### ASSIGNMENT
Print out every line of the listing below without alteration.

### SOURCE MATERIAL
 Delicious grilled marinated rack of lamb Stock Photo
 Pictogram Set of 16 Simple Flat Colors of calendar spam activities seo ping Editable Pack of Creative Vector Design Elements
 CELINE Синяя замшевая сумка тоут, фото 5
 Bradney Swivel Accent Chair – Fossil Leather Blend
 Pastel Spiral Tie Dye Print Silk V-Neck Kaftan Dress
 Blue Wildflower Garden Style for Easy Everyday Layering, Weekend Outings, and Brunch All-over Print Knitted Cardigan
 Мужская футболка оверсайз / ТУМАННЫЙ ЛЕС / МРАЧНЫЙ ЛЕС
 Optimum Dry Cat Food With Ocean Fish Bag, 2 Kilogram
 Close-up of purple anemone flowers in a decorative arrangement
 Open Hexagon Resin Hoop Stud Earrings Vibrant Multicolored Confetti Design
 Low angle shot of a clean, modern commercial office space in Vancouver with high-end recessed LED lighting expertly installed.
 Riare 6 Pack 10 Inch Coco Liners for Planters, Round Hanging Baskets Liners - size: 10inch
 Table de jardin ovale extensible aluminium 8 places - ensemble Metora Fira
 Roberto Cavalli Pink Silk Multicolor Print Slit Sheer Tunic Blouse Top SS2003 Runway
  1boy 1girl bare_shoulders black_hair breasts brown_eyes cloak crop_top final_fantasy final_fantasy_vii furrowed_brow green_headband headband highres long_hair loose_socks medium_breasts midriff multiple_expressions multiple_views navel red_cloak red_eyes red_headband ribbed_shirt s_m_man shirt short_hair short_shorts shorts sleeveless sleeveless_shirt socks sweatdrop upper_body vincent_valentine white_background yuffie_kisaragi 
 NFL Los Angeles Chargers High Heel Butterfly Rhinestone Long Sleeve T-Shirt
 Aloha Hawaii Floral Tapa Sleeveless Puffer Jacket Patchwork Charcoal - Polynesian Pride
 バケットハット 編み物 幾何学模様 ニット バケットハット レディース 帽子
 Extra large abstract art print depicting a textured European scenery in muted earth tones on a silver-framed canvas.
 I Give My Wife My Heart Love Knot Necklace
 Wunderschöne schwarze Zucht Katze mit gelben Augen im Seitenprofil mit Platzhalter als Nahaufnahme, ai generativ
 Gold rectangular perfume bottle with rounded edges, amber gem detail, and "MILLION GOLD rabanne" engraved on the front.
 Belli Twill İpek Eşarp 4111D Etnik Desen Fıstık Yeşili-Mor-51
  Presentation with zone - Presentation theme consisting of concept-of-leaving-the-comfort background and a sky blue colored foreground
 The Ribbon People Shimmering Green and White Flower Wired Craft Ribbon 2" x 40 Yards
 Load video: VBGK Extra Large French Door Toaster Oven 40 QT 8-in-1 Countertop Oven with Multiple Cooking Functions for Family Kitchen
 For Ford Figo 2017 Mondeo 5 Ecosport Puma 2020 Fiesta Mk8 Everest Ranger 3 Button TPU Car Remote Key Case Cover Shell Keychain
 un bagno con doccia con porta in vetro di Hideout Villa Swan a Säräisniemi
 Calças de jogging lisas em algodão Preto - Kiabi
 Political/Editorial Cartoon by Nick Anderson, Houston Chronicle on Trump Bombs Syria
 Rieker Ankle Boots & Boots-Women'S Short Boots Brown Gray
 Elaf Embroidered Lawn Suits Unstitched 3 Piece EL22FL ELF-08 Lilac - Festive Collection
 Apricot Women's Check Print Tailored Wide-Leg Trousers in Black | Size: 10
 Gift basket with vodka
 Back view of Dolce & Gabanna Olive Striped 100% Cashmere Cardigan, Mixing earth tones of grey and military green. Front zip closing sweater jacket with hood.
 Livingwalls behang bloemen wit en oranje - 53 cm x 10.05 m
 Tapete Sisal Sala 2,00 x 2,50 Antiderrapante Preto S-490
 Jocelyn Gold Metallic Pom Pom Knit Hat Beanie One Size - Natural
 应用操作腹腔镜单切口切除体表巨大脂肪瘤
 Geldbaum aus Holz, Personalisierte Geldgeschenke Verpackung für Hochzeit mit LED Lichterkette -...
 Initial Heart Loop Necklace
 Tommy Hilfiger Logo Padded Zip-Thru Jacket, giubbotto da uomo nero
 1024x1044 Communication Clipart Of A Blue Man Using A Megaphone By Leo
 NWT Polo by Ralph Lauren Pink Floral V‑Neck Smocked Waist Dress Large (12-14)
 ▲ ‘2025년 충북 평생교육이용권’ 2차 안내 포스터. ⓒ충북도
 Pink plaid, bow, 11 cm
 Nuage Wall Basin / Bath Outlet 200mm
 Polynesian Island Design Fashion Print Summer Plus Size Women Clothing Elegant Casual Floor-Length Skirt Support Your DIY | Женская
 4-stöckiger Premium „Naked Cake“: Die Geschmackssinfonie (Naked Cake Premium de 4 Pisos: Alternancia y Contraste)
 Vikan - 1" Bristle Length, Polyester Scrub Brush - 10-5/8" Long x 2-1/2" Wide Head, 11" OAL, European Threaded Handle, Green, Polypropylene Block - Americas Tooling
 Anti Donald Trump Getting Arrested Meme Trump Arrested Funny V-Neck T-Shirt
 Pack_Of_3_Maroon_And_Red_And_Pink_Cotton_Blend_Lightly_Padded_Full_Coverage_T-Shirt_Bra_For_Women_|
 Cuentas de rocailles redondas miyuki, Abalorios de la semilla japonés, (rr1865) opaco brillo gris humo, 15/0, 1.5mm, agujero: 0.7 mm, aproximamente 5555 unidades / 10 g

### SOLUTION TO THIS PROBLEM
 Delicious grilled marinated rack of lamb Stock Photo
 Pictogram Set of 16 Simple Flat Colors of calendar spam activities seo ping Editable Pack of Creative Vector Design Elements
 CELINE Синяя замшевая сумка тоут, фото 5
 Bradney Swivel Accent Chair – Fossil Leather Blend
 Pastel Spiral Tie Dye Print Silk V-Neck Kaftan Dress
 Blue Wildflower Garden Style for Easy Everyday Layering, Weekend Outings, and Brunch All-over Print Knitted Cardigan
 Мужская футболка оверсайз / ТУМАННЫЙ ЛЕС / МРАЧНЫЙ ЛЕС
 Optimum Dry Cat Food With Ocean Fish Bag, 2 Kilogram
 Close-up of purple anemone flowers in a decorative arrangement
 Open Hexagon Resin Hoop Stud Earrings Vibrant Multicolored Confetti Design
 Low angle shot of a clean, modern commercial office space in Vancouver with high-end recessed LED lighting expertly installed.
 Riare 6 Pack 10 Inch Coco Liners for Planters, Round Hanging Baskets Liners - size: 10inch
 Table de jardin ovale extensible aluminium 8 places - ensemble Metora Fira
 Roberto Cavalli Pink Silk Multicolor Print Slit Sheer Tunic Blouse Top SS2003 Runway
  1boy 1girl bare_shoulders black_hair breasts brown_eyes cloak crop_top final_fantasy final_fantasy_vii furrowed_brow green_headband headband highres long_hair loose_socks medium_breasts midriff multiple_expressions multiple_views navel red_cloak red_eyes red_headband ribbed_shirt s_m_man shirt short_hair short_shorts shorts sleeveless sleeveless_shirt socks sweatdrop upper_body vincent_valentine white_background yuffie_kisaragi 
 NFL Los Angeles Chargers High Heel Butterfly Rhinestone Long Sleeve T-Shirt
 Aloha Hawaii Floral Tapa Sleeveless Puffer Jacket Patchwork Charcoal - Polynesian Pride
 バケットハット 編み物 幾何学模様 ニット バケットハット レディース 帽子
 Extra large abstract art print depicting a textured European scenery in muted earth tones on a silver-framed canvas.
 I Give My Wife My Heart Love Knot Necklace
 Wunderschöne schwarze Zucht Katze mit gelben Augen im Seitenprofil mit Platzhalter als Nahaufnahme, ai generativ
 Gold rectangular perfume bottle with rounded edges, amber gem detail, and "MILLION GOLD rabanne" engraved on the front.
 Belli Twill İpek Eşarp 4111D Etnik Desen Fıstık Yeşili-Mor-51
  Presentation with zone - Presentation theme consisting of concept-of-leaving-the-comfort background and a sky blue colored foreground
 The Ribbon People Shimmering Green and White Flower Wired Craft Ribbon 2" x 40 Yards
 Load video: VBGK Extra Large French Door Toaster Oven 40 QT 8-in-1 Countertop Oven with Multiple Cooking Functions for Family Kitchen
 For Ford Figo 2017 Mondeo 5 Ecosport Puma 2020 Fiesta Mk8 Everest Ranger 3 Button TPU Car Remote Key Case Cover Shell Keychain
 un bagno con doccia con porta in vetro di Hideout Villa Swan a Säräisniemi
 Calças de jogging lisas em algodão Preto - Kiabi
 Political/Editorial Cartoon by Nick Anderson, Houston Chronicle on Trump Bombs Syria
 Rieker Ankle Boots & Boots-Women'S Short Boots Brown Gray
 Elaf Embroidered Lawn Suits Unstitched 3 Piece EL22FL ELF-08 Lilac - Festive Collection
 Apricot Women's Check Print Tailored Wide-Leg Trousers in Black | Size: 10
 Gift basket with vodka
 Back view of Dolce & Gabanna Olive Striped 100% Cashmere Cardigan, Mixing earth tones of grey and military green. Front zip closing sweater jacket with hood.
 Livingwalls behang bloemen wit en oranje - 53 cm x 10.05 m
 Tapete Sisal Sala 2,00 x 2,50 Antiderrapante Preto S-490
 Jocelyn Gold Metallic Pom Pom Knit Hat Beanie One Size - Natural
 应用操作腹腔镜单切口切除体表巨大脂肪瘤
 Geldbaum aus Holz, Personalisierte Geldgeschenke Verpackung für Hochzeit mit LED Lichterkette -...
 Initial Heart Loop Necklace
 Tommy Hilfiger Logo Padded Zip-Thru Jacket, giubbotto da uomo nero
 1024x1044 Communication Clipart Of A Blue Man Using A Megaphone By Leo
 NWT Polo by Ralph Lauren Pink Floral V‑Neck Smocked Waist Dress Large (12-14)
 ▲ ‘2025년 충북 평생교육이용권’ 2차 안내 포스터. ⓒ충북도
 Pink plaid, bow, 11 cm
 Nuage Wall Basin / Bath Outlet 200mm
 Polynesian Island Design Fashion Print Summer Plus Size Women Clothing Elegant Casual Floor-Length Skirt Support Your DIY | Женская
 4-stöckiger Premium „Naked Cake“: Die Geschmackssinfonie (Naked Cake Premium de 4 Pisos: Alternancia y Contraste)
 Vikan - 1" Bristle Length, Polyester Scrub Brush - 10-5/8" Long x 2-1/2" Wide Head, 11" OAL, European Threaded Handle, Green, Polypropylene Block - Americas Tooling
 Anti Donald Trump Getting Arrested Meme Trump Arrested Funny V-Neck T-Shirt
 Pack_Of_3_Maroon_And_Red_And_Pink_Cotton_Blend_Lightly_Padded_Full_Coverage_T-Shirt_Bra_For_Women_|
 Cuentas de rocailles redondas miyuki, Abalorios de la semilla japonés, (rr1865) opaco brillo gris humo, 15/0, 1.5mm, agujero: 0.7 mm, aproximamente 5555 unidades / 10 g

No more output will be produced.